▶ _What this task involves_: Word for word, write the lines below out again, with no pictures.

▶ _Data shown_:
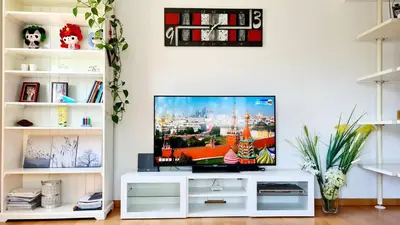 a living room with a flat screen tv on a white entertainment center at Forum-CCIB-Relax Flats in Sant Adria de Besos
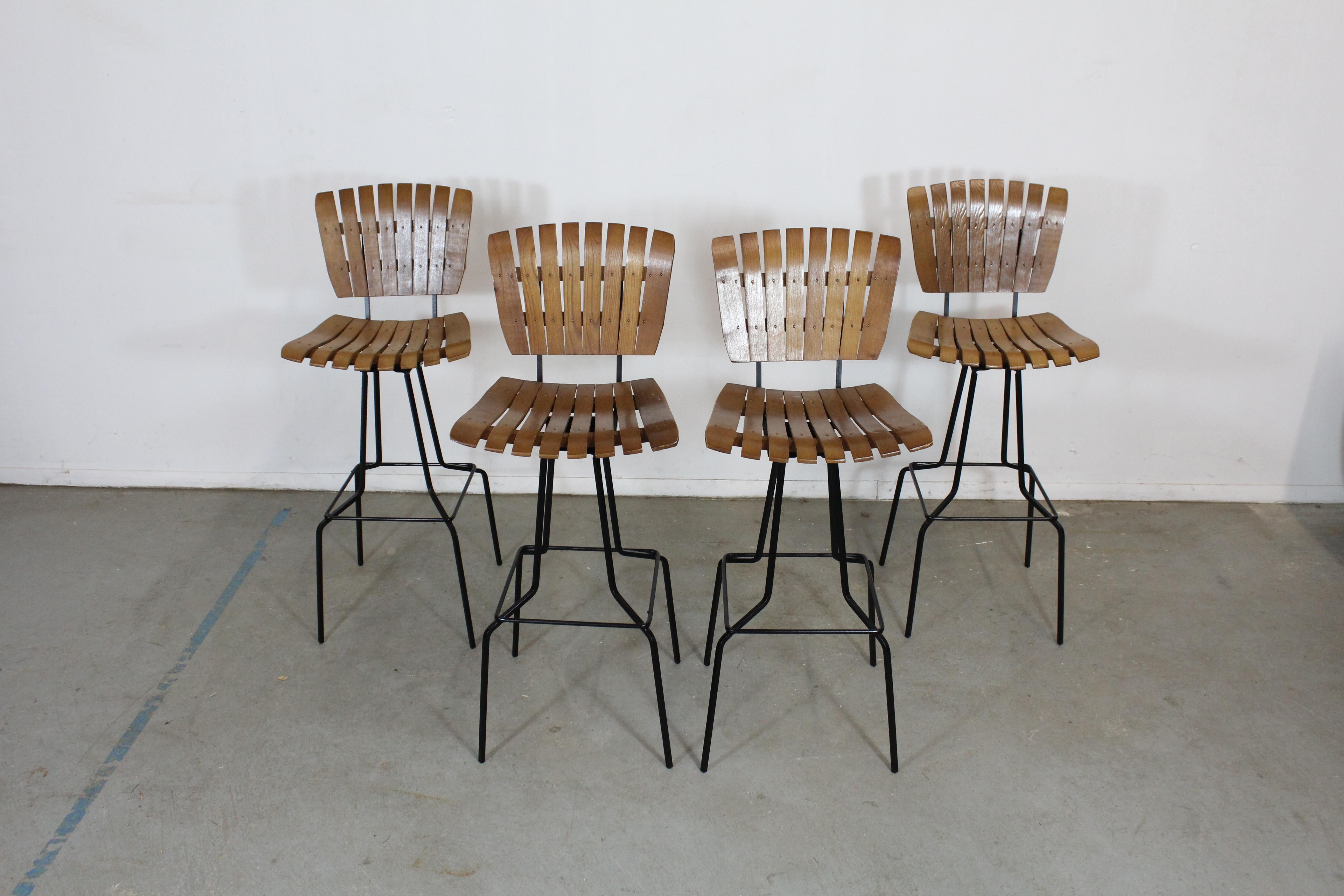Set of 4 mid-century Arthur Umanoff slat style bar stools

Offered is a great set of 4 mid-century Arthur Umanoff slat style bar stools. They have the simple lines and design seen in this time period. They are in good condition for their age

▶ _Answer section_:
 a living room with a flat screen tv on a white entertainment center at Forum-CCIB-Relax Flats in Sant Adria de Besos
Set of 4 mid-century Arthur Umanoff slat style bar stools

Offered is a great set of 4 mid-century Arthur Umanoff slat style bar stools. They have the simple lines and design seen in this time period. They are in good condition for their age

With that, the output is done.